Figure 5. Periostin-driven cellular migration requires mTOR signaling.

(A) Representative pictures of the NOK-SI cell scratch assay following treatment with vehicle, recombinant Periostin (50 ng/ml), and rapamycin (50 nM). Scale bars represent 50 μm. (B) Quantitative analysis of open-wounded area over time (n=4; mean ± S.E.M.). Note that rapamycin abrogates the Periostin migratory activity of epithelial cells (***p<0.001). (C) Proliferation assay using keratinocytes treated with rapamycin and/or Periostin. Note that Periostin alone induced significant cellular proliferation at 50 ng/ml (*p<0.05). Treatment with rapamycin blocked periostin-induced cell proliferation (ns p>0.05). (D) Representative immunoblot depicting knockdown of Raptor and Rictor after siRNA treatment. Scramble siRNA oligonucleotides sequences were used as controls.

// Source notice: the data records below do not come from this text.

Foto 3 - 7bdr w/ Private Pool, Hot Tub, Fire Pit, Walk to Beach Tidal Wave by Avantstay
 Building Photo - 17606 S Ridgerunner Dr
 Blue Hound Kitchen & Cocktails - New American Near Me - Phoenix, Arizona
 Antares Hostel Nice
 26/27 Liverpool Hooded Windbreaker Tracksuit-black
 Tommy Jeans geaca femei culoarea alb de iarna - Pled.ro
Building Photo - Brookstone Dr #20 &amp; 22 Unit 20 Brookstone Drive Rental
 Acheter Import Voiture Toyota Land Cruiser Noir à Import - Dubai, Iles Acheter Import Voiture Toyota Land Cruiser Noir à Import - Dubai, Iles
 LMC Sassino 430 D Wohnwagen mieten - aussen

GAPDH was used as loading controls. (E) Graphic shows the quantitative analyses of open-wounded areas using NOK-SI cells over time (n=4; mean ± S.E.M.). Note that siRNA targeting Raptor abrogates Periostin-induced cellular migratory resulting on complete wound closure by 48 hours (**p<0.05). siRNA targeting Rictor did not change the Periostin induced accelerated cellular migration resulting on wound closure by 24 hours (ns p>0.05). (F) Proliferation assay using NOK-SI cells treated with siRNA for Raptor, Rictor, or siRNA scramble, and/or Periostin. Note that Periostin induced significant cellular proliferation (*p<0.05). Treatment with siRNA for Raptor or Rictor resulted in disruption of Periostin induced cellular proliferation (***p<0.001).